Stop Calling Them Dispensaries
In the film The Last Emperor, Reginald Johnston (played by Peter O’Toole) is hired as a tutor for the teenage emperor of China, Pu Yi. Upon meeting his tutor in the Forbidden City, Pu Yi learns Mr. Johnston is from Scotland and asks, “Where is your skirt? In your country, men wear short skirts, do they not?” Johnston replies, “Scotsmen do not wear skirts, they wear kilts…a matter of words perhaps, but words are important.”
Overwhelmingly, stores that sell marijuana are called dispensaries. This nomenclature includes shops that sell weed legally or illegally, for purported medical purposes, or just to get wrecked. Dispensary has become synonymous with “pot shop.”
The standard definition of dispensary is “a place in a hospital, shop, etc. where medicines are prepared for patients.” The use of this word for the place where people with medical certificates purchase marijuana makes sense. In that case, the pot shop was serving a quasi-medical function. It dispensed a substance under the recommendation of a medical professional, yet could not rightfully be called a pharmacy. On the other hand, extending the use of the word dispensary to every marijuana store is wrong. It only serves to reinforce the erroneous popular belief that marijuana is some sort of healthy panacea, instead of an intoxicant.
The storefront in the picture above sells weed illegally. Yet the accompanying article consistently calls it a dispensary. It should be called a drug den, a trap house, or even a head shop. It is anything but a dispensary.
Another common semantic fallacy is that physicians “prescribe” marijuana. State laws that allow marijuana sales for alleged medical benefits never use the word “prescription.” Rather, “state approved practitioners may certify patients recommending the medical use of cannabis.” A matter of words?… Perhaps. But words are important.
I spent a little time as part of my training, with a physician widely known for alternative/complimentary practice. He had a dispensary with compounding pharmacists, kept very busy. I wanted to check the place out. The front looked like any natural/alternative/complimentary pharmacy, with natural snacks, vitamins, cosmetics, supplements. Two pharmacists in the back. The doc gave me his card, scribbled on the back “He’s with me, he’s OK” something like that. Give to the pharmacists. I felt like I was walking into a speakeasy from the 1920’s.
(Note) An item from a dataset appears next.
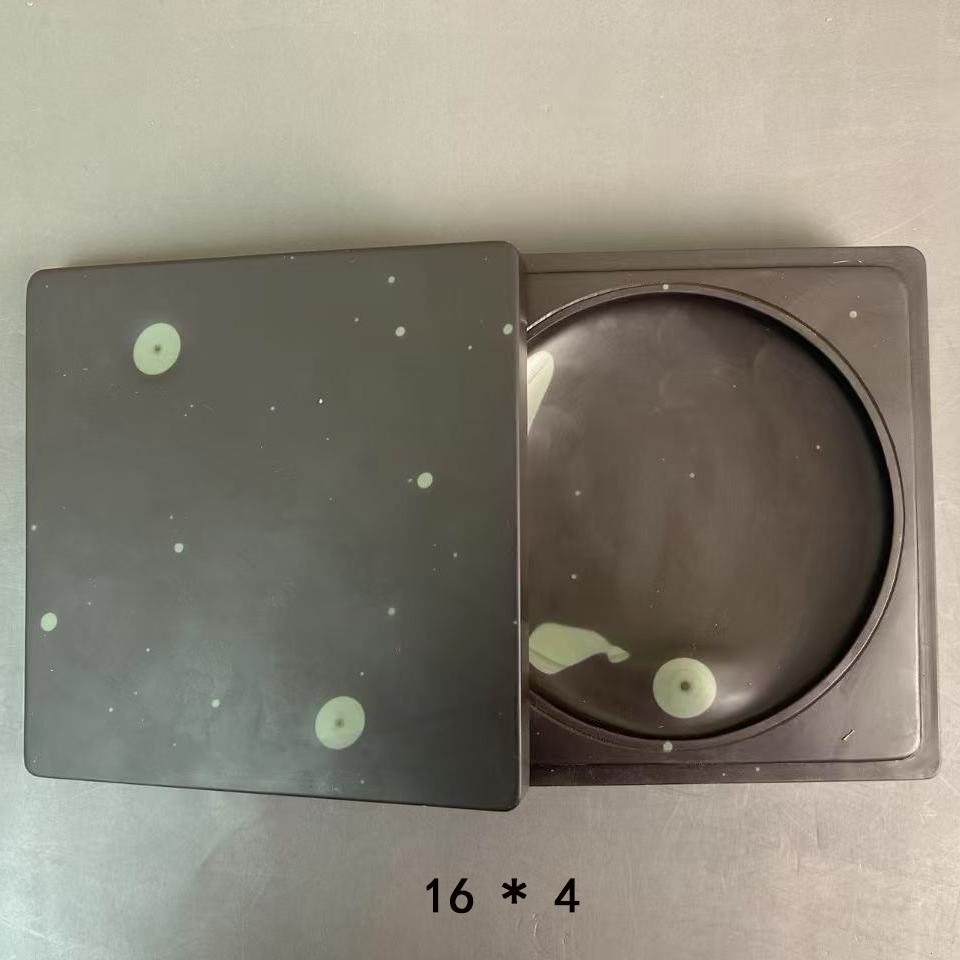 天然永仁苴却方形实用多眼石盖砚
Quite educational actually.
Looked like a duck, quacked like a duck. I made the mistake of using the word “pharmacy” out loud.
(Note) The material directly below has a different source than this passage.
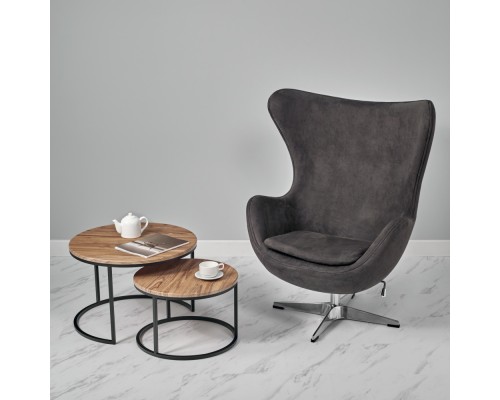 Кресло EGG CHAIR красный, натуральная кожа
The two guys turned to stone. They started looking around. DAMMIT, WE’RE NOT A PHARMACY, WE’RE A DISPENSARY !!!
And they gave me the bum’s rush out. They were paranoid of State inspectors. They were OK if they called themselves a DISPENSARY open only to that doc’s patients. If they called themselves a PHARMACY, then the Pharmacy Board had jurisdiction and they’d be in a world of hurt.
They were paranoid of anyone using the WORD “pharmacy” in the shop, lest inspectors draw a conclusion that they were effectively holding themselves out as a pharmacy to take control.
Actually, to be honest, it wasn’t really paranoia. They had been on the receiving end of lots of grief from State and Federal authorities.
This is so funny but I had Italian relatives who made a bunch of money during prohibition so I can’t complain!! I asked my paternal grandpa when he married my grandma if they had liquor or wine during their wedding reception in 1927. He said with a smile, “Oh we had plenty.”
Folks always worked around the stupid rules.
Pot is legal in Illinois and though I don’t partake of it and there is a “dispensary” about 30 seconds drive from my house, I’m glad to say I’ve never smelled it out in public. I have to hand it to the users as they’re keeping it under cover. Kurt
Oh, wine for religious purposes was still OK during Prohibition.
https://pbs.twimg.com/media/B1IywhHCAAATFBn?format=jpg
I’m sure all the patrons of this store were Jewish. At least honorary Jewish.
In the run-up to Prohibition, the AMA piled on to prevailing opinion, and took an official position that alcohol had no medicinal value except as a disinfectant and a solvent.
AFTER Prohibition the same gutless wonders at the AMA did an about-face. Maybe alcohol DID have medical value after all. If you went to a physician of course. And paid a fee.
The doctor would engage in the mental masturbation of whether whiskey or vodka would cure your ills. Maybe gin for that mater. Basically the doctor’s thinking would be guided by whatever the patient had asked for.
Then out came the official medicinal alcohol prescription form.